A decisão é do ano passado e a primeira reação que tive foi a de sorrir. Afinal, qualquer pessoa sabe que ninguém pode ser responsável pelo que não fez e nem poderia fazer. Se fui eleito com o prefeito Edinho em 2000 e assumi o cargo de vice-prefeito em 2001, não teria como participar de eventuais irregularidades ocorridas em 1999. Seria o mesmo que estabelecer alguma punição para uma pessoa que ainda nem nasceu…
A esta altura o leitor deve estar indagando: como pode um Tribunal cometer o erro tão grosseiro como este? Errar é humano. Todos nós erramos. E a explicação estava na defesa que fiz da administração anterior, na condição de advogado. No final do texto, abaixo do meu nome, coloquei a correta identificação dos cargos que então ocupava, em 2001: vice-prefeito e secretário dos negócios jurídicos.
O conselheiro relator deve ter confundido o advogado (e atual vice-prefeito) com o companheiro de governo do ex-prefeito. Apontei o equívoco ao Tribunal, em recurso adequado, mas a decisão não foi alterada. Meu nome continuou no processo como vice-prefeito de De Santi.
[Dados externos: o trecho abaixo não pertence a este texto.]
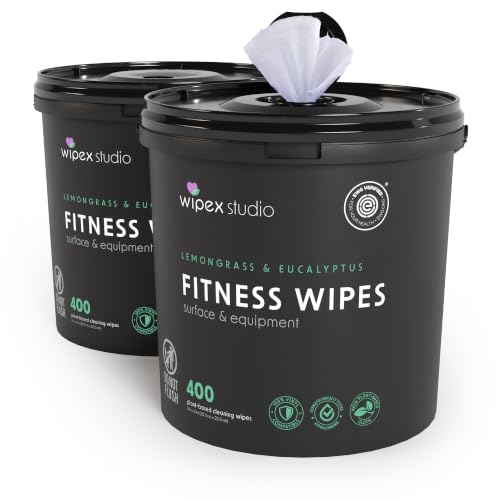 Wipex Lemongrass Plant-Based Gym Wipes 400 Count Reusable Bucket – Natural Surface & Equipment Cleaner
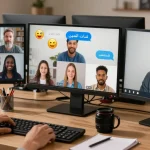 Dynamic chat interface representing شات الخليج bringing users together for engaging conversations and connections.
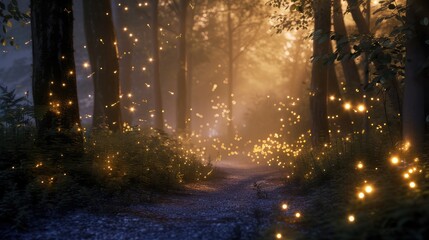 Enchanted Forest Path with Glowing Fireflies at Dusk.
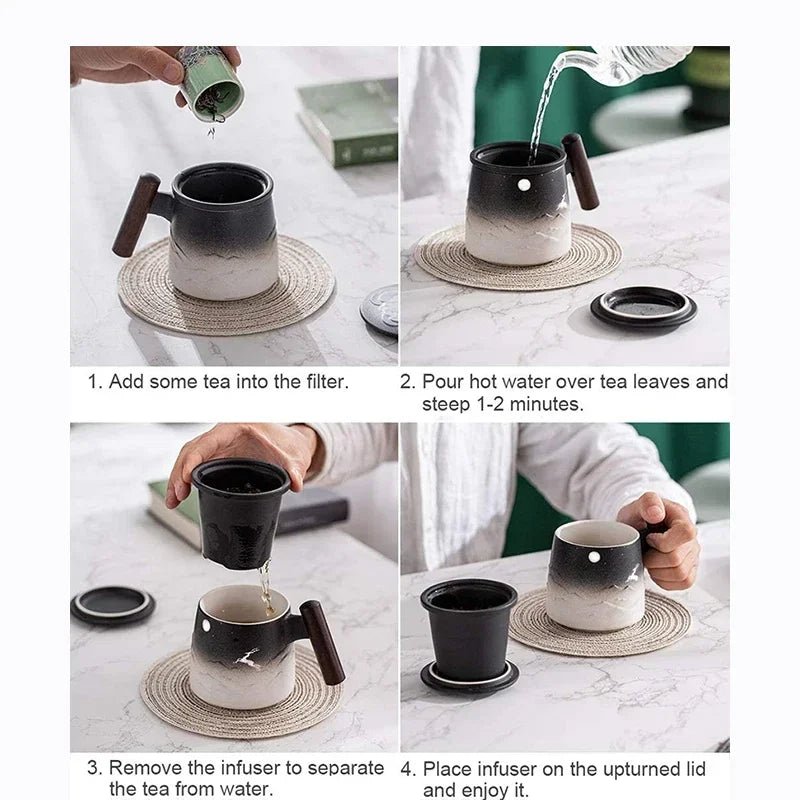 Belle Tasse à Thé Céramique Vintage Café Bière Grande avec Infuseur Couvercle Poignée Bois Cadeau Personnalisé - Cuisine Chez Nadine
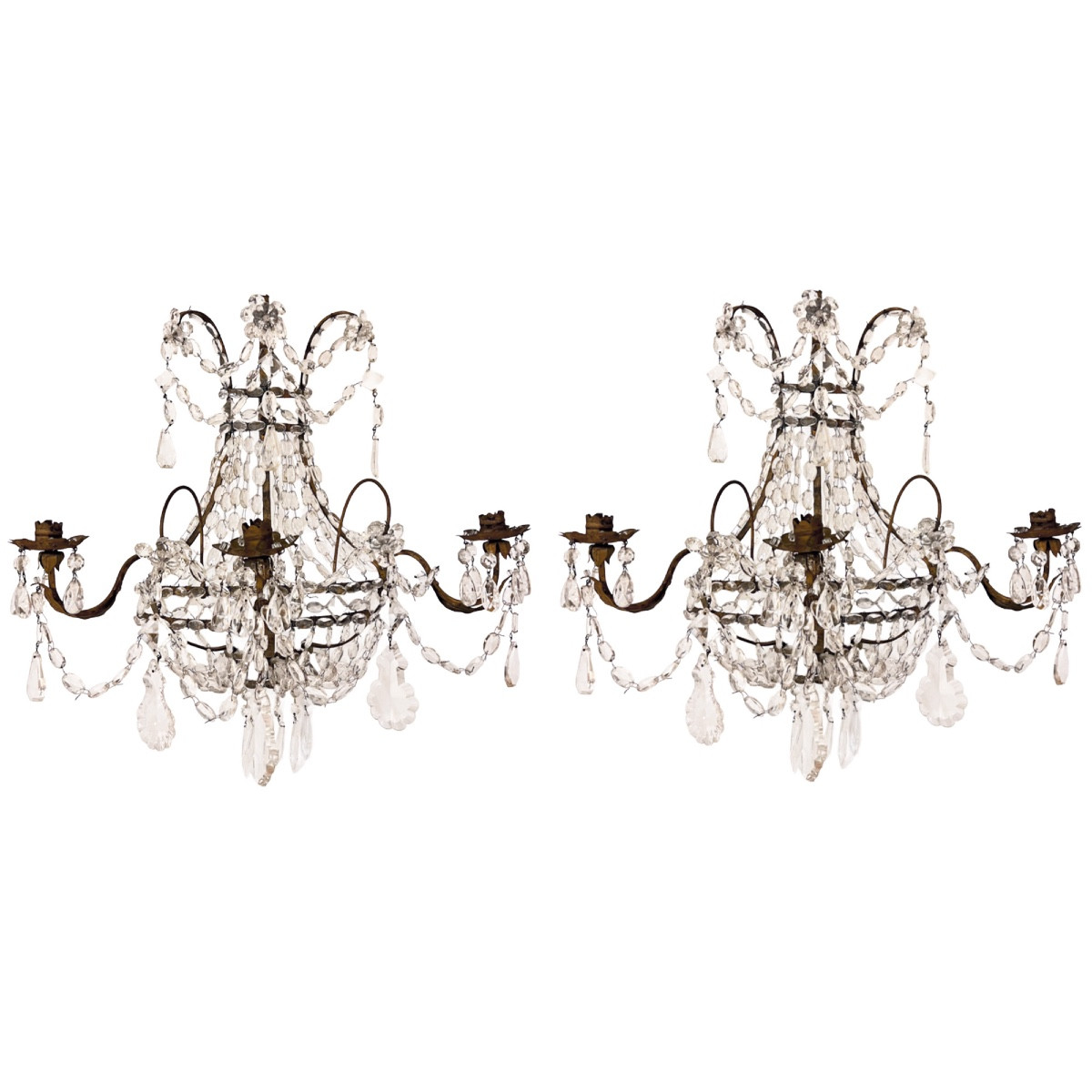  Pair Of French Three-arm Wall Sconces In Gilt Metal And Glass, Dating From The 1920s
Solicitei, então, que o advogado da Prefeitura apresentasse um novo recurso – chamado pomposamente de embargos de declaração – na certeza de que o erro fosse corrigido. O conselheiro relator, que constantemente aponta falhas no trabalho dos outros, não gostaria de permanecer naquela situação de tão evidente equívoco, comentei com o Dr. Alexandre Vidotti. Reconheceria o erro e, com este pequeno ato de humildade, engrandeceria o bom nome do Tribunal
Qual não foi o meu espanto quando, mais uma vez, a trapalhada foi mantida, em decisão que apreciava o mérito e reafirmava minha condição de vice-prefeito do século passado. No final, a incrível decisão considerou ainda que meu recurso era intempestivo. Duplo engano, neste ponto: 1) se o recurso está fora do prazo, o julgador não pode apreciar o mérito da questão; 2) o pedido para correção de simples erro material pode ser apresentado a qualquer momento (mesmo após o trânsito em julgado de uma decisão).
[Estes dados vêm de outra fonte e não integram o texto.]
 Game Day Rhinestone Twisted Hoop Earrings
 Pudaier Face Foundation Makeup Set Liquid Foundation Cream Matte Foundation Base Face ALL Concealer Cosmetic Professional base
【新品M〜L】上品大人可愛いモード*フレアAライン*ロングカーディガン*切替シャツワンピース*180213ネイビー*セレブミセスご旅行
Lembrei-me, então, do meu trabalho de mestrado, na Faculdade de Direito da USP, sobre revisão criminal, cujo foco principal está exatamente no erro judiciário. Registrei naquele texto, posteriormente transformado em livro pela Editora Revista dos Tribunais, várias observações sobre o erro humano, a partir da frase célebre atribuída a Sêneca: Errare humanum est, sed in errore preservare dementis.
Alguns autores, como Álvaro Villela, consideram o erro “um fantasma negro que acompanha o juiz como se fosse a sua sombra”. Outros, mais extremados ainda, dizem que o erro judiciário é mais desastroso que os terremotos, as tormentas e as epidemias e mais lacrimantes que as guerras (Orano) e constitui uma calamidade pública quando não prevenido nem remediado (Ortolan).
São reações exageradas, mas que em alguns casos podem efetivamente provocar situações desastrosas. Felizmente, nada disso acontecerá comigo.
Primeiro, porque o chamado Tribunal de Contas do Estado não integra o Poder Judiciário (apesar do nome Tribunal) e sim o Poder Legislativo. No exame das contas das Prefeituras, o TCE emite um parecer, cujo julgamento compete às Câmaras Municipais.
E, como os nossos vereadores conhecem bem a recente história de Araraquara, certamente excluirão meu nome no momento da apreciação do mérito das contas da administração do já distante ano de 1999. O ilustre presidente Ronaldo Napeloso já sinalizou nesse sentido ao submeter meu requerimento ao plenário da Câmara, na sessão de terça-feira passada.
Segundo, porque ainda acredito que o próprio Tribunal de Contas acabará corrigindo a falha, num novo recurso. Afinal, é preciso ponderar que a ninguém interessa a permanência de tão lamentável equívoco. Muito menos a um órgão instituído para fiscalizar e apontar as falhas de administradores públicos de todo o Estado de São Paulo.
(*) Sérgio de Oliveira Médici é advogado, professor universitário e vice-prefeito de Araraquara.